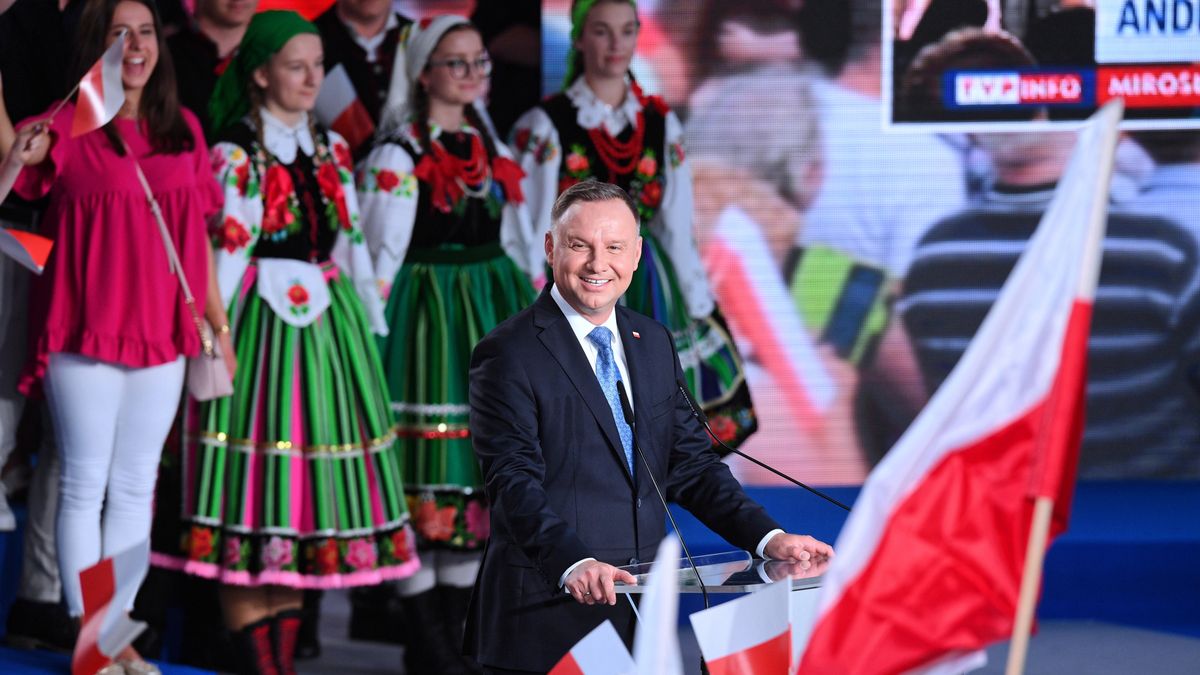 Wybory 2020. Andrzej Duda o wyborach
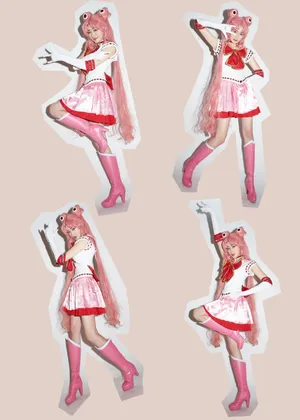张天爱美少女战士cosplay图片_5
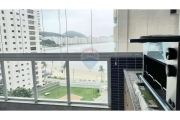 Apartamento Novo com 3 dormitórios à venda, 146 m² por R$ 1.500.000 - Asturias - Guarujá/SP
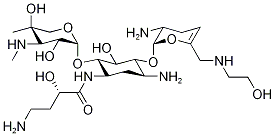 Structure of ACHN 490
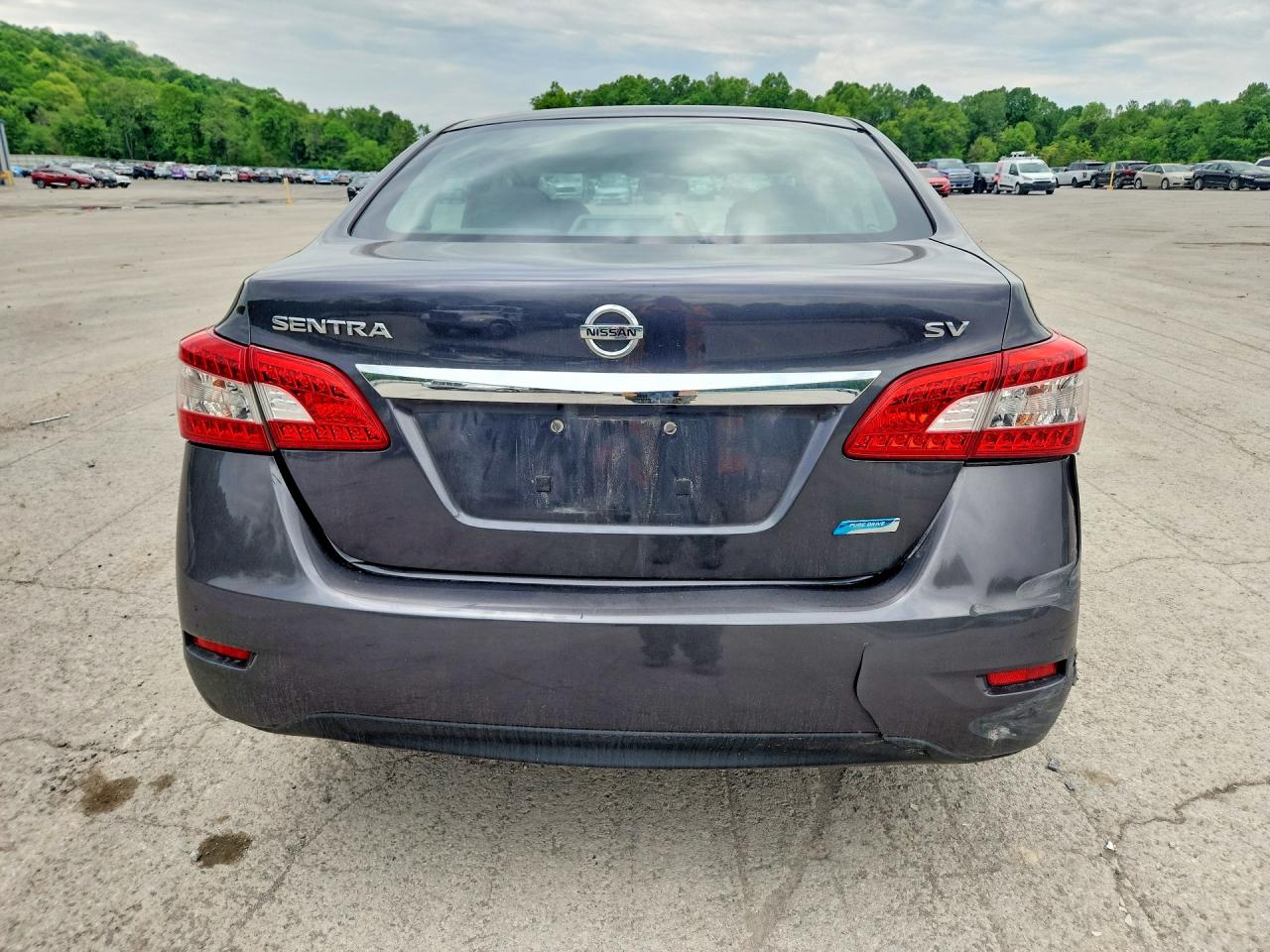 2014 NISSAN SENTRA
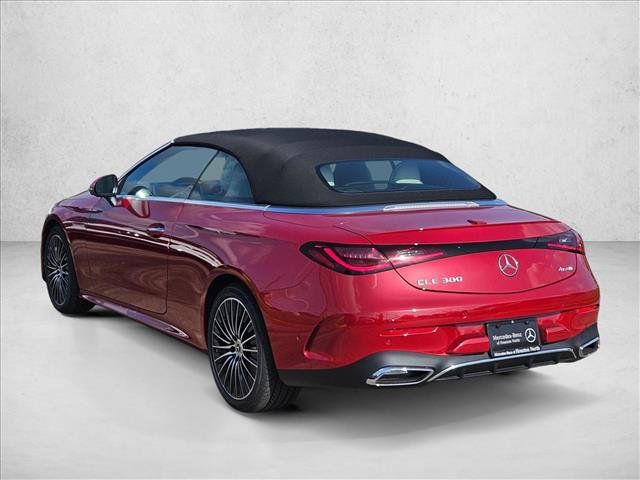 New 2027 Mercedes-Benz CLE 300 4MATIC Cabriolet image 7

--------------------

## HOW TO COMPLETE THIS TASK
Repeat each entry above word for word, leaving every picture out.

## SOLUTION TO THIS PROBLEM
 Wybory 2020. Andrzej Duda o wyborach
张天爱美少女战士cosplay图片_5
 Apartamento Novo com 3 dormitórios à venda, 146 m² por R$ 1.500.000 - Asturias - Guarujá/SP
 Structure of ACHN 490
 2014 NISSAN SENTRA
 New 2027 Mercedes-Benz CLE 300 4MATIC Cabriolet image 7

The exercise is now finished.